▶ **EXERCISE OBJECTIVE**: Lines from the one with "Črn pulover z" up to and including the one with "Bradley Walsh looks" are to be copied exactly from the records below, without their pictures.

▶ **GIVEN ENTRIES**:

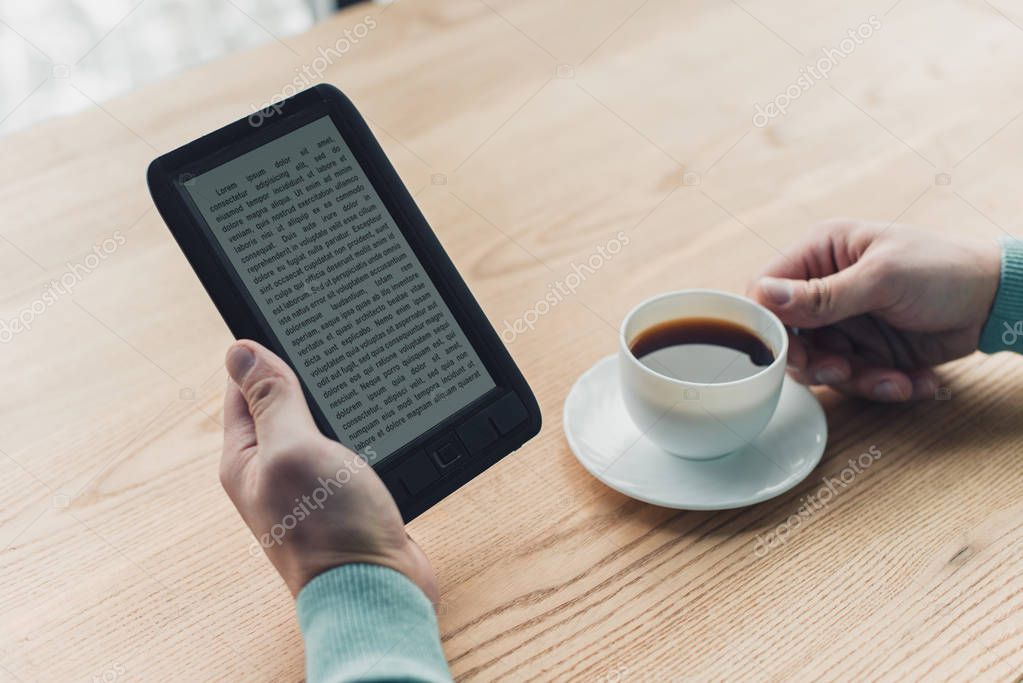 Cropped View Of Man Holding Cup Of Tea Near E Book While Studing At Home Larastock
---
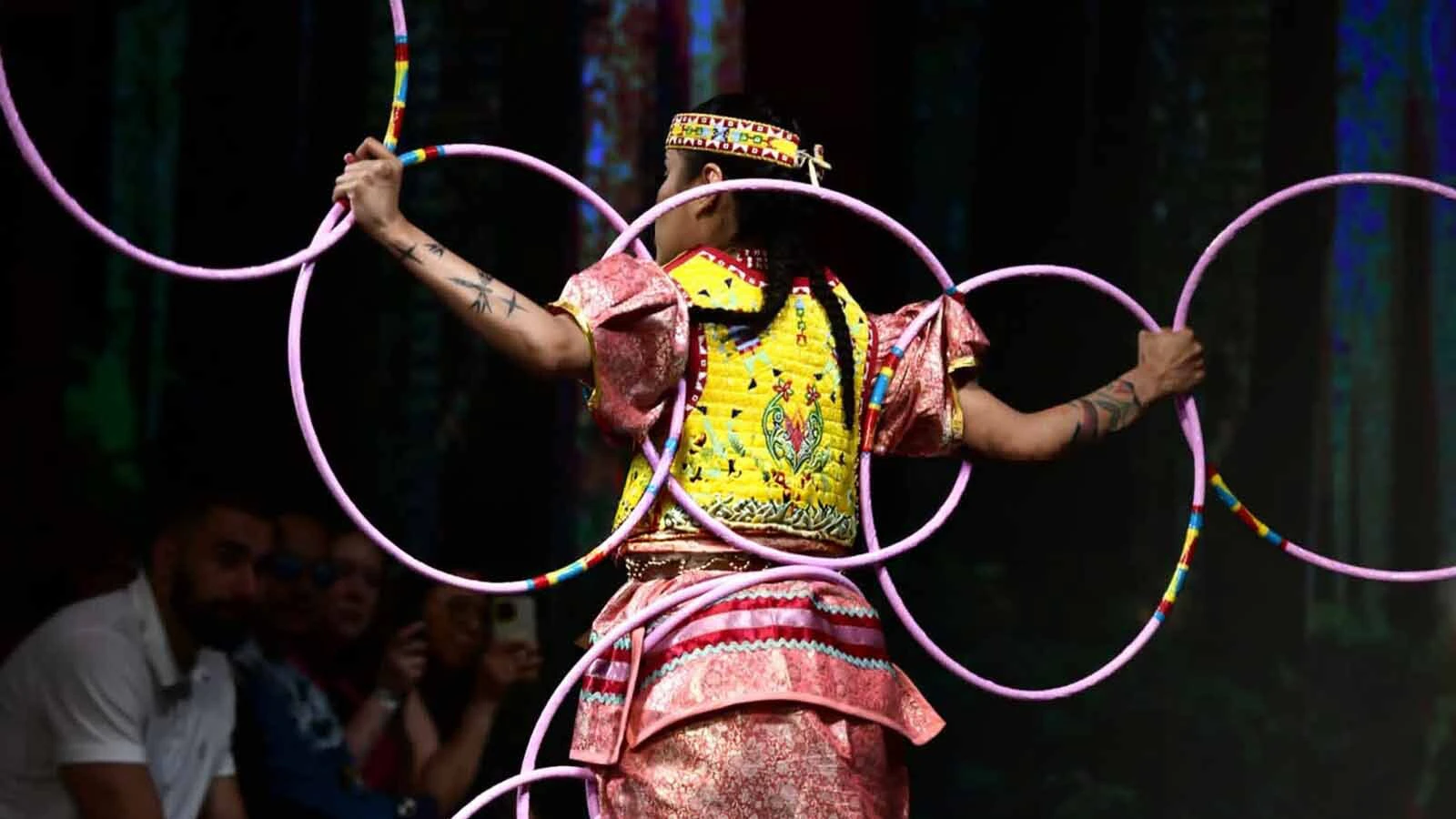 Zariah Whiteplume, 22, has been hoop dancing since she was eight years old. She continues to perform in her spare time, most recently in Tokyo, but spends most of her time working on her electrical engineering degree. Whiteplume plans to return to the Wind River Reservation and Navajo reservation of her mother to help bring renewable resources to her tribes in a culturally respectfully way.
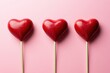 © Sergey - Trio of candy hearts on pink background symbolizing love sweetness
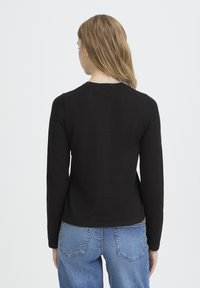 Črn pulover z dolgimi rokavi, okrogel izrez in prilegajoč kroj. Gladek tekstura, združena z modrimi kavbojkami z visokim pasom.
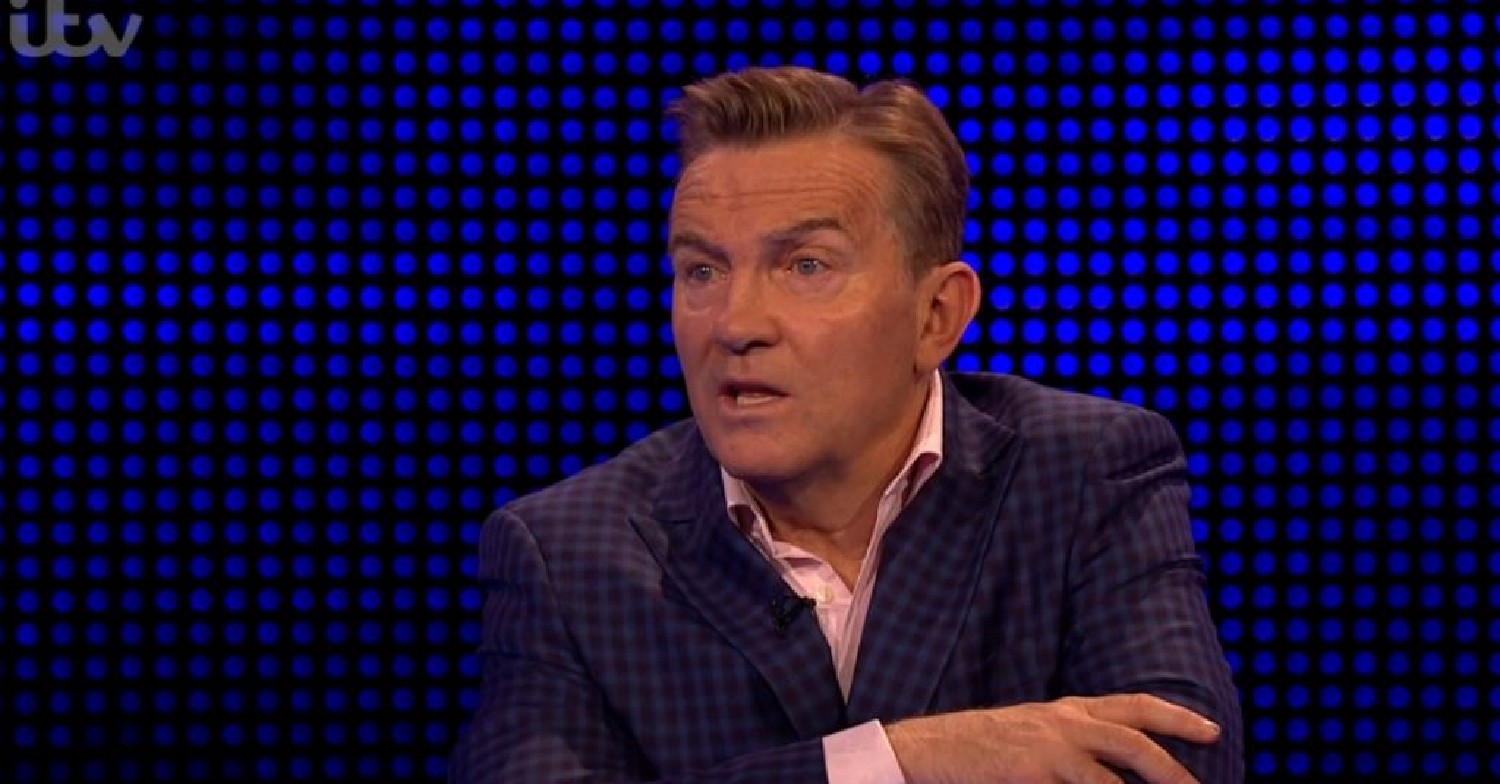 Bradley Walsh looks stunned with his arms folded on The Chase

▶ **EXERCISE OUTPUT**:
 Črn pulover z dolgimi rokavi, okrogel izrez in prilegajoč kroj. Gladek tekstura, združena z modrimi kavbojkami z visokim pasom.
 Bradley Walsh looks stunned with his arms folded on The Chase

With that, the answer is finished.